# HELP with Etisalat please



## canadianexp (May 31, 2013)

Hello,

I've just moved into a townhouse in Al Hamra Village (RAK) and signed up for Elife with Etisalat last week. I got a call today that there was a problem with connecting and that they weren't able to do it yet. I was also told that the man that might be able to fix it is on emergency leave. 

I am starting to panic as I have signed a 1 year contract and am now worried that I won't be able to get internet, tv or phone. I know for a fact that other people in the area have this service so I have a bit of hope. 

Can anyone give me any advice as to if you think I will be able to get the services I have subscribed to? And if not, what should I do?

Thanks!!!!!!!


----------



## canadianexp (May 31, 2013)

Please help me!


----------



## dzey (Feb 3, 2013)

canadianexp said:


> I was also told that the man that might be able to fix it is on emergency leave.
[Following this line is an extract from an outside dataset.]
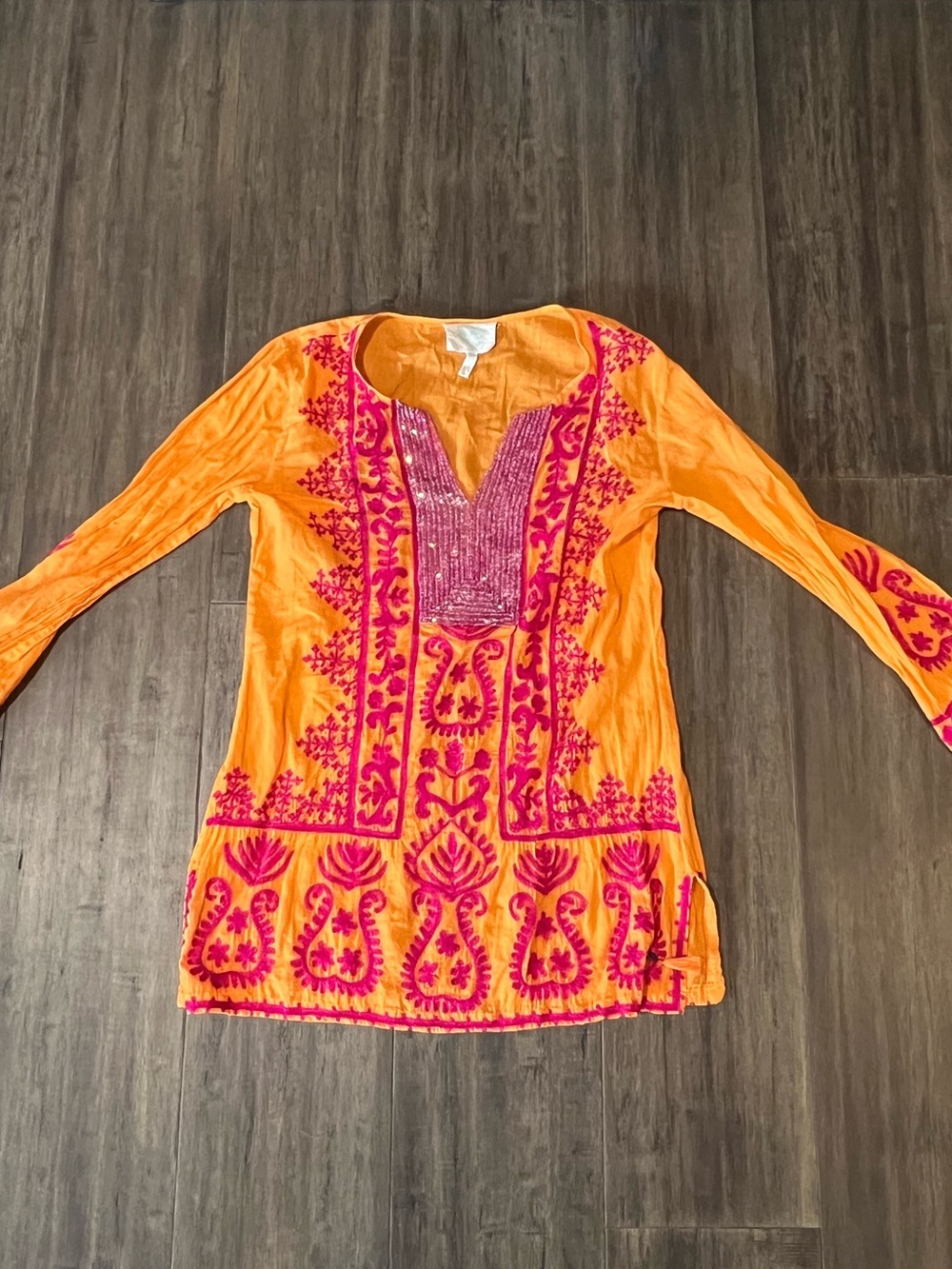 Women’s Z&L orange pink beaded embroidered Indian cotton boho tunic Med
i don't really understand what's all the fuss about? they've told you that you will get your services as soon as the field engineer comes back from emergency leave - so..?


----------



## canadianexp (May 31, 2013)

The issue is that I have not been told that they will be able to fix it but that they "might" be able to fix it. I would LOVE to be overreacting about this and really hope that I am. My issue is what if they can't fix it and really is that something that might occur?


----------



## Deefor (May 29, 2011)

Once E get round to fixing something one of two things usually happens: It works first time (sorry, don't laugh, it has happened); More commonly it takes a few appointments that they don't make, several visits, a lot of phone calls and a few hours off your life expectancy. In fairness they do usually get things working. Eventually. Good luck....


----------



## Mubeen89 (Jun 2, 2013)

Don't worry about it. I have had my fair share of such scares from Etisalat but eventually they do live up to their commitments. Just try and keep in constant touch with them guys at Etisalat and your issue should be sorted soon.


----------



## cornejooste (Jun 19, 2013)

canadianexp said:


> Hello,
> 
> I've just moved into a townhouse in Al Hamra Village (RAK) and signed up for Elife with Etisalat last week. I got a call today that there was a problem with connecting and that they weren't able to do it yet. I was also told that the man that might be able to fix it is on emergency leave.
> 
> ...


Hi Canadianexp,
I also had my fair share of struggles with Etisalat.
I would suggest that you get the 4G USB Internet meanwhile.
Very convenient.


----------



## rednelly84 (Jul 4, 2010)

Sounds all rather normal! I can't get etisalat connected to my new apartment yet and move tomorrow...am I panicking? No. Inshallah.


----------